Тьма чувствовала, как это случилось. Как колёса заскрежетали по рельсам, которые больше не могли держать. Как состав накренился, застонал, развалился на части, разбрасывая обломки по шпалам, по лесу, по той самой глине, под которой она спала столько веков. Как его — того самого, чьё имя Надя шептала по ночам, — раздавило, смешало с железом, с деревом, с землёй, с тем самым сладковатым, тошнотворным запахом, который она так любила.
Тьма ждала.
И Надя пришла.
Она бежала по шпалам, спотыкаясь, падая, вставая, и её сердце колотилось так громко, что Тьма слышала его как барабан. Она кричала, но крик её не долетал до ушей тех, кто мог бы её остановить. Она падала на гравий, и её ладони кровоточили, и эта кровь пахла так, как пахнет только живое — горячо, солёно, безнадёжно. Прекрасный вкус.

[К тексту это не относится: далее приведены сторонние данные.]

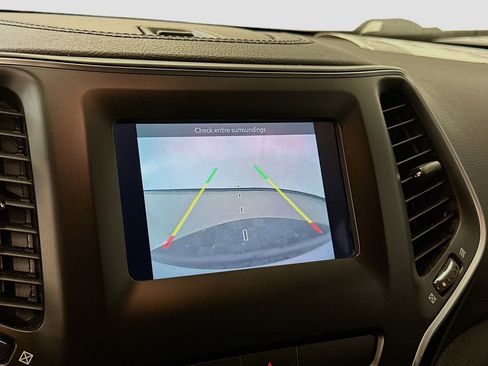 Used 2019 Jeep Cherokee Latitude Plus AWD/4WD image 23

Тьма смотрела на неё и чувствовала, как внутри неё, в том месте, где у живых находится желудок, разгорается голод. Тот, который можно утолить только чужой болью. Только чужим отчаянием. Только чужой, раздавленной, растоптанной надеждой.
Надя стояла на путях, смотрела на обломки, и внутри неё что-то умирало. Тьма чувствовала это. Она чувствовала, как надежда сворачивается, как сохнет, как превращается в пыль. Она чувствовала, как боль заполняет пустоту, которая образуется на месте надежды. И она ждала.
Ждала.
Три дня Надя стояла на перроне. Не ела. Не пила. Не спала. Только смотрела на рельсы. На точку, где они сходятся. На то место, откуда он должен был приехать. И Тьма наблюдала. Она чувствовала, как тело Нади слабеет, как душа её становится тоньше, как границы между ней и миром стираются, превращая её в ту самую пустоту, которая нужна была Тьме, чтобы выйти наружу.

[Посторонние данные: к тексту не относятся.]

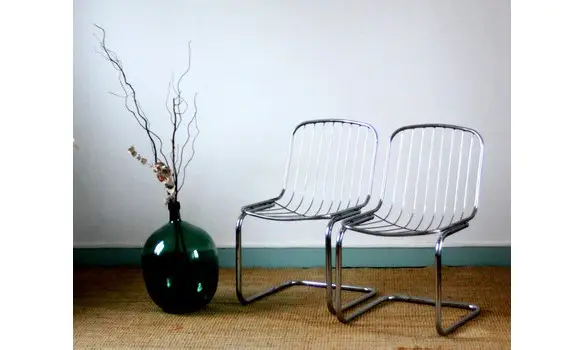 Paire de chaises métalliques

На третью ночь Тьма позвала её.
Она не использовала слов. Она использовала то, что было сильнее слов — память. Она показала Наде его лицо. Его руки. Его улыбку. Она показала ей его последний миг — тот самый, когда рельсы не выдержали, когда состав пошёл вразнос, когда он понял, что не успеет, что не доедет, что не скажет самого главного, что должен был сказать, но не сказал, потому что думал, что будет время.
Она показала Наде его смерть. Снова и снова. И в каждой смерти Надя видела себя. Стоящую на перроне. Сжимающую в руках пустоту. Ждущую того, кто никогда не вернётся.
Тьма чувствовала каждый её шаг. Как ноги ступают на гравий, но не оставляют следов. Как ветер проходит сквозь её тело, потому что тело уже перестало быть преградой. Как сердце её бьётся всё реже, всё тише, всё медленнее, готовясь остановиться навсегда.
Надя подошла к двери, и цепь упала. Сама. Тьма больше не могла ждать. Голод был слишком невыносимым. Запах этой боли — свежей, сладкой, манящей — ударил в голову, лишив остатков всякого терпения.
Дверь открылась. Изнутри пахнуло тем самым — сладковатым, тяжёлым, тошнотворным запахом, который Надя почувствовала там, на перегоне. Запахом смерти. Запахом разлома. Запахом Тьмы, которая ждала своего часа столько веков, что уже забыла, как пахнет свет.
Она поглотила девушку целиком. Девушка не исчезла. Она стала чем-то новым. Чем-то, что было и Тьмой, и человеком. Чем-то, что могло чувствовать голод разлома, но при этом ещё помнило, каково это — быть живой. Чем-то, что заманивало художников в свои сети, но иногда, в редкие ночи, стояло на перроне и смотрело на рельсы, вспоминая его лицо.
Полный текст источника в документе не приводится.